**Supplied information**:
____________________
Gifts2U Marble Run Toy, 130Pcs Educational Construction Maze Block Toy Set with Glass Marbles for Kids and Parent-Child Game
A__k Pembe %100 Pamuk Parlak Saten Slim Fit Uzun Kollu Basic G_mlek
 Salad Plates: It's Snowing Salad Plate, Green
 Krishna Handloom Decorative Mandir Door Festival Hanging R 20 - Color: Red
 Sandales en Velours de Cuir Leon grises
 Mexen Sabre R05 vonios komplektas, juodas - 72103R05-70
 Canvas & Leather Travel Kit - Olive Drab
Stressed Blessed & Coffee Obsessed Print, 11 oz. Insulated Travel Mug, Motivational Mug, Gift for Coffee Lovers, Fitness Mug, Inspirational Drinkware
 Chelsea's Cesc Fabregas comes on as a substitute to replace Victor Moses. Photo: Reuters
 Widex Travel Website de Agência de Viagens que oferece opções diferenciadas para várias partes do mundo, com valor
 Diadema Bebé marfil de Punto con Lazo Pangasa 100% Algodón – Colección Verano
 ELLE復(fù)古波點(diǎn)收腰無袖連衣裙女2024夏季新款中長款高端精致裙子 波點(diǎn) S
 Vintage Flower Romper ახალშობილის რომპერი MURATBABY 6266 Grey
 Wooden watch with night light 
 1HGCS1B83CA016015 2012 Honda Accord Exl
____________________
**Problem**: Print the entries above exactly as they were written, down to the last line.

**Answer to the exercise**:
Gifts2U Marble Run Toy, 130Pcs Educational Construction Maze Block Toy Set with Glass Marbles for Kids and Parent-Child Game
A__k Pembe %100 Pamuk Parlak Saten Slim Fit Uzun Kollu Basic G_mlek
 Salad Plates: It's Snowing Salad Plate, Green
 Krishna Handloom Decorative Mandir Door Festival Hanging R 20 - Color: Red
 Sandales en Velours de Cuir Leon grises
 Mexen Sabre R05 vonios komplektas, juodas - 72103R05-70
 Canvas & Leather Travel Kit - Olive Drab
Stressed Blessed & Coffee Obsessed Print, 11 oz. Insulated Travel Mug, Motivational Mug, Gift for Coffee Lovers, Fitness Mug, Inspirational Drinkware
 Chelsea's Cesc Fabregas comes on as a substitute to replace Victor Moses. Photo: Reuters
 Widex Travel Website de Agência de Viagens que oferece opções diferenciadas para várias partes do mundo, com valor
 Diadema Bebé marfil de Punto con Lazo Pangasa 100% Algodón – Colección Verano
 ELLE復(fù)古波點(diǎn)收腰無袖連衣裙女2024夏季新款中長款高端精致裙子 波點(diǎn) S
 Vintage Flower Romper ახალშობილის რომპერი MURATBABY 6266 Grey
 Wooden watch with night light 
 1HGCS1B83CA016015 2012 Honda Accord Exl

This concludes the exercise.